Et la sécurité dans tout ça ?

Comme tout système connecté, la question de la confidentialité inquiète. Matter prévoit une sécurité élevée. CSA a publié une charte publique pour encadrer la sécurité, la validation des appareils par PKI et la blockchain, et ainsi limiter les risques d’intrusion et de piratage.

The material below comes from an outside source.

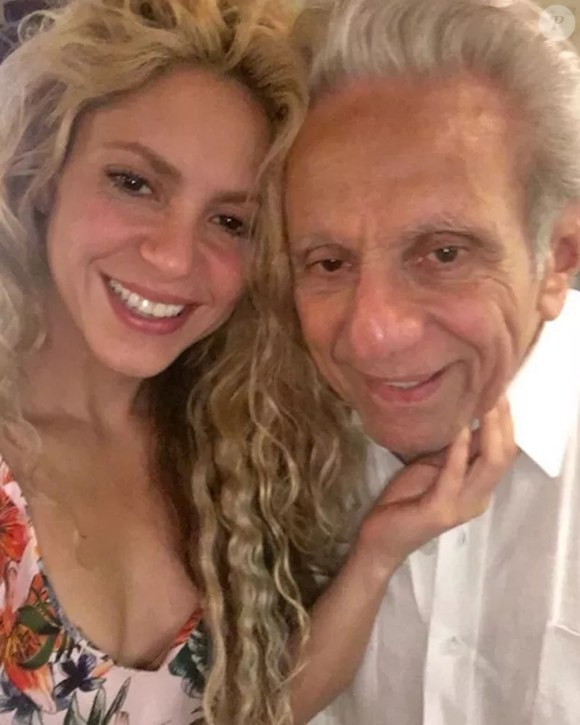 O histórico show de Shakira nas areias de Copacabana contou com um atraso de mais de uma hora, preocupando os fãs sobre a chegada da loba. De acordo com o Correio Braziliense, William Mebarak Chadid, pai da cantora, passou mal antes da performance.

Détail important : Matter privilégie la gestion locale : la commande va du téléphone ou de l’assistant à l’objet sans transiter obligatoirement par le cloud d’un service externe. Cela offre plus de confidentialité, moins de dépendance à la connexion internet, et une sécurité renforcée en cas d’attaques sur les serveurs tiers.

Quelles sont les limites de Matter ?

Même si le discours promet une compatibilité universelle, les grands fournisseurs d’écosystèmes (Amazon, Apple, Google…) restent un brin frileux à laisser la concurrence accéder à toutes les fonctions avancées de leurs produits. Résultat, certains réglages et options demeurent réservés à l’appli native : on pourra allumer une prise via n’importe quel assistant, mais il faudra souvent repasser par l’app d’origine pour les paramétrages les plus pointus.

Matter
© CSA

Autre point : signer la charte Matter n’oblige pas un constructeur à tout implémenter. Certains objets ne gèrent que le minimum requis, quitte à laisser des fonctions clés sur le bord de la route.

Quoi qu’il en soit, Matter est pour l’instant la tentative la plus ambitieuse pour donner un vrai langage commun à la maison connectée, casser les silos de marques et rendre enfin la domotique accessible et simple, pour toute la famille et sans prise de tête technique. Sa force : un socle open source, une alliance large d’acteurs, et une gestion locale des interactions. Sa faiblesse : la réalité des mises à jour, la prudence des géants du secteur et, parfois, l’attentisme des fabricants.

S’assurer que vos prochains appareils connectés sont bien compatibles avec Matter vous permettra donc d’anticiper sur la compatibilité futur, avec l’espoir que demain, on pourra définir sa routine domotique sans se demander si la prise, l’ampoule ou l’enceinte vont bien s’entendre.